My proposal is to reword the information as in comment 3. Thoughts?
#3 is fine...
comment 3 works for me. I suggest: make a patch and request UI review
Sorry to have to ask for this, but could someone attach a screenshot of this dialog? It's hard to get a handle on this message without seeing the context and I don't have this kind of mail to play with. I'm still looking around if there is a guideline for messages like this, but here's my gut instinct for a short message. ( Very short sentence to let people know what the dialog is indicating, then provide the text of what that indication means afterward. ) How far off is this example? This message was sent _encrypted_ but _unsigned_ There is no guarantee that this message came from the sender identified or was delivered without being tampered with.

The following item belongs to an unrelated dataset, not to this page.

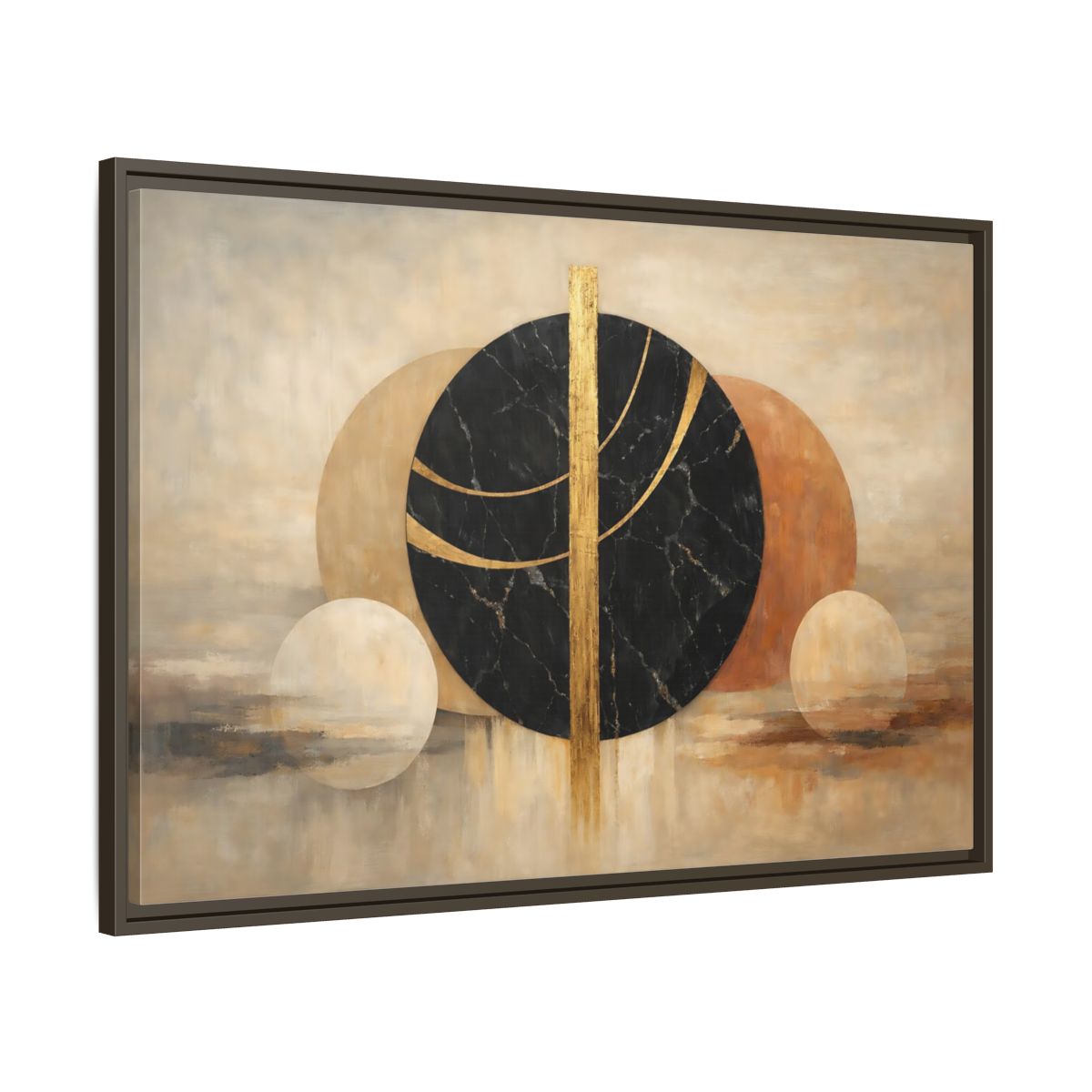 Side Mockup 9. Abstract Geometric Shapes Gold Black Geometric shown as stretched canvas wall art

Attached image Message window
This is the screen shot of the message.
Summary: Likelihood of email tampering → absent email signature disclaimer is unsatisfactory
I think the key to this change is going to be displaying encryption / keys differently in the message view. see bug 449691 for new message reader concepts. Instead of a dialog we should be showing this kind of information inline in mostly text form instead of icons. {{ Regular Message Header This message is encrypted This message was _not_ signed }} {{ Message Body }}
An update of Bug links. There is a Tracker bug for all Tb 3.0 Message Reader Pane enhancements. https://bugzilla.mozilla.org/show_bug.cgi?id=456814 I am adding this bug to the tracker.
Product: Core → MailNews Core
Assignee: kaie → nobody
Whiteboard: [psm-smime][psm-feedback][proposals comments 3 + 15]
Severity: normal → S3

This issue should be tested in the 115 environment becaues the message reader is being largely rebuilt for version 115. 115 becomes available in July. Testing beta 3-4 weeks from now is possible.

Note also this bug blocks meta Bug 456814 which is being closed.